The effective spread \({\hat{s}}\left( \frac{\partial \tau }{\partial dUT1} \right) \) is the best metric to judge the suitability of baselines for “Intensive” sessions. In Fig. 5a, there are some outlier values with a large \({\hat{s}}\left( \frac{\partial \tau }{\partial dUT1} \right) \) but also a large \(\sigma _{dUT1}\). These can be explained by the numerical problem of the least-squares adjustment. The right most three values, around \({\hat{s}} = 3.12\), 2.85 and 2.74 with \(\sigma _{dUT1} > {20}\,{\mu } \hbox {s}\), correspond to the baselines \(\begin{pmatrix} 0,\, 0 \end{pmatrix}\)\(\begin{pmatrix} -20,\, 180 \end{pmatrix}\), \(\begin{pmatrix} 10,\, 0 \end{pmatrix}\)\(\begin{pmatrix} -30,\, 180 \end{pmatrix}\) and \(\begin{pmatrix} 20,\, 0 \end{pmatrix}\)\(\begin{pmatrix} -40,\, 180 \end{pmatrix}\). These are very long and thus hardly observable baselines. Depending on the source constellation, it might be that there are too few visible sources to produce a suitable schedule with enough observations explaining the poor performance. Figure 5d and especially 5c further highlight that extremely long baselines (beyond \({12\,000}\hbox { km}\)) will provide bad dUT1 sensitivity due to the lack of commonly visible sources.

5 Conclusions

Within this work, we provided a global evaluation of VLBI baselines for the rapid determination of dUT1 through “Intensive” sessions. For this purpose, almost 3000 baselines between stations distributed on a regular \(10 \times 10\) degree grid were simulated and investigated. Besides confirming already known facts, e.g., that observations at the corners of the mutually visible sky are most important for the determination of dUT1, new additional insight could be gained.

So far, it was common knowledge that long east–west baselines are suited best for the determination of dUT1. However, we prove that this statement is over-simplistic and not generally valid.

Especially, equatorial baselines or baselines with a center located on the equatorial xy-plane are not suited to provide high-precision dUT1 values. The reason for this was identified as the limitation of commonly visible sources with varying right ascension angles and the resulting lack in the variability of \(\frac{\partial \tau }{\partial dUT1}\). Thus, we recommend that “Intensive” baselines should not be evaluated based on their length or east–west extension alone but rather on their capability to perform observations with varying partial derivatives of \(\tau \) with respect to dUT1.

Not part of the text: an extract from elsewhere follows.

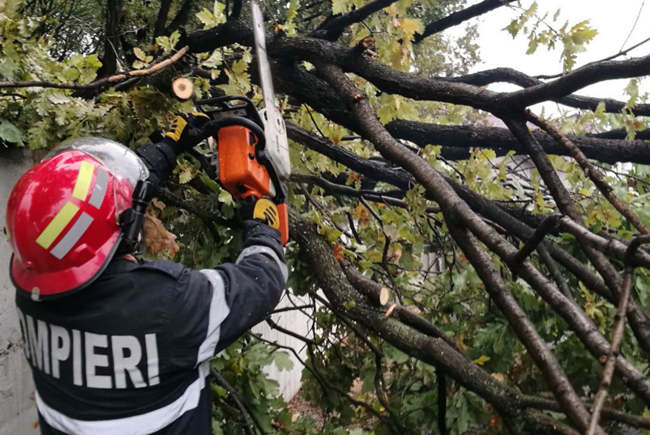 Pagube în mai multe județe din țară, în urma vijeliilor: zeci de copaci căzuți, mașini avariate și acoperișuri luate de vânt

Furthermore, it is shown that north–south baselines are also capable of determining dUT1 with reasonable accuracy, in case the baseline orientation is significantly different from the Earth rotation axis, for example, if one station location is close to the polar region while the second station is located close to the equator. However, we also highlighted the need for accurate polar motion a priori information for these north–south baselines since errors in the a priori values propagate to the dUT1 estimates. This, as well as the impact of other erroneous a priori information, will be further investigated in a follow-up study.